Falaremos, esta noite, do Trabalho. Falaremos do que significa o trabalho sobre si em relação às emoções negativas. O Trabalho diz: “Tens o direito a não ser negativo.” Observem que o Trabalho não diz: “Não tens direito a ser negativo.” Um dos sinais pelos quais se pode distinguir entre um ensinamento falso e um ensinamento verdadeiro é que o ensinamento falso insiste que se faça algo que não se pode fazer ou estabelecer como regra. É sinal de um ensinamento falso, por exemplo, obrigá-lo a prometer algo, ou a jurar, ou fazer um voto de silêncio, e assim sucessivamente. Um homem — um homem comum — não pode cumprir uma promessa em todas as circunstâncias, porque não é uma pessoa, mas, ao contrário, várias pessoas.

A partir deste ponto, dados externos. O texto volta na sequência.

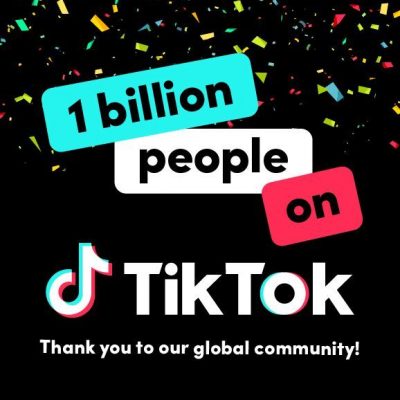 TikTok Surpass One Billion Active Users TikTok Death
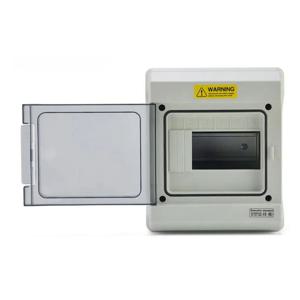 IP66 야외 접속함 방수 MCB 전기 분전함 IP66 전력 분배 장비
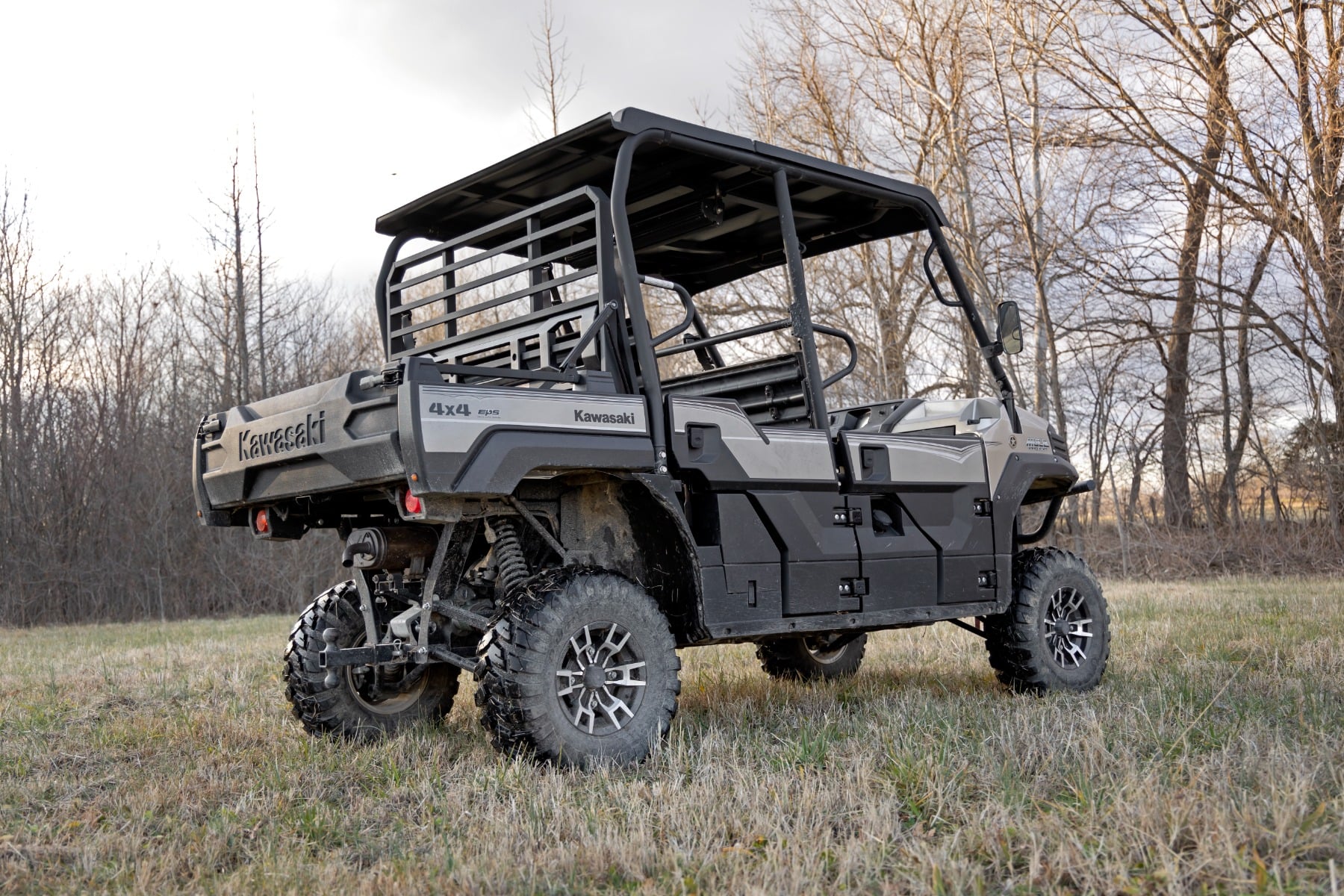 3 Inch Lift Kit | Kawasaki Mule PRO-FXR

Uma pessoa, um “Eu” nele, pode prometer ou até amarrar-se por um juramento. Outros “Eus” nele, entretanto, não quererão reconhecê-lo. Supor que um homem pode prometer alguma coisa é supor que já é uno, uma unidade — quer dizer, um homem que só tem um “Eu” real, permanente, que o controla e, assim, uma só vontade. Mas um homem tem muitos “Eus” e muitas vontades diferentes.

Suponhamos que o Trabalho estabeleça uma regra deste teor: “Não deve ser negativo. Deve jurar que não será nunca negativo. Se não cumprir esta promessa, terá que abandonar o Trabalho.” Se o Trabalho dissesse isso, significaria que pressupõe que o Homem pode fazer.

Mas o Trabalho diz que o homem não pode fazer e que isso é preciso perceber por meio da observação de si. Se prossegue imaginando que pode fazer, se continua pensando que sempre recorda e cumpre seu propósito, então não haverá lugar em você para o Trabalho e o Trabalho não poderá ajudá-lo. Não sentirá seu desamparo interior. 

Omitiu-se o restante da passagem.